Are data warehouses becoming victims of their own success? It’s hard to ignore the reality that the appetite for BI analytics has grown steadily – it’s one of the few enterprise IT software markets to continue enjoying steady growth over the past decade or more. While BI has not yet morphed into that long-promised democratic knowledge tool for the masses, there’s little question that it has become firmly embedded as a pillar of enterprise IT. Increasingly, analytics are being integrated with transactions, and there’s a movement for self-service BI that aims to address the everyman gap.
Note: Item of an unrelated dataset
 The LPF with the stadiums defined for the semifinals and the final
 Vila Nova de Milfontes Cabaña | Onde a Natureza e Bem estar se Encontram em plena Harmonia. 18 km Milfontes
On the data side, there’s little question about the impact of data warehousing and BI. Enterprises have increasingly voracious appetite for data. And there are more kinds of data coming in. As part of our day job, we globally surveyed large enterprise data warehouse users (DWs over a terabyte) a couple years back and discovered over half of them were already routinely conducting text analytics in addition to conventionally structured data.

While SQL platforms have steadily increased scale and performance (it’s easy to forget that 30 years ago, conventional wisdom was that they would never scale to support enterprise OLTP systems), the legwork of operating data warehouses is becoming a source of bottlenecks. Data warehouses and transactional systems have traditionally been kept apart because their workloads significantly differed; they were typically kept at arm’s length with separate staging servers in the middle tier, where ETL operations were performed.

Yet, surging data volumes are breaking this pattern. With growing data volumes has come an emerging pattern where data and processing are brought together on the same platform. The “ELT” pattern was thus born based on the notion that collocating transformation operations inside the data warehouse would be more efficient as it would reduce data movements. The downside of ELT, however, is that data transformation compute cycles compete for finite resource with analytics.

Enter Hadoop. First developed for Internet companies for solving what were considered unique Internet problems (e.g., search indexes, ad optimization, gaming, etc.), enterprises are intrigued by the new platform for its ability to broaden the scope of their analytics to accommodate data outside the traditional purview of the data warehouse. Indeed, Hadoop allows organizations to broaden their analytic view. Instead of a traditional “360 view” of the customer that is largely transaction-based, add in social or mobile data to get a fuller picture. The same goes with machine data for operations, or weblog data for any Internet site.

But Hadoop can have another role in supplementing the data warehouse, performing the heavy lift at less cost. For starters, inserting a Hadoop platform to perform data transformation can offload cycles from the data warehouse to an environment where compute (and storage) are far less expensive. The software is far less expensive and the hardware is pure commodity (x86, standard Ethernet, and cheap 1 – 3 TB disk). And the system is sufficiently scalable that, should you need to commandeer additional resources to crunch higher transformation loads, they can be added economically by growing out your clusters.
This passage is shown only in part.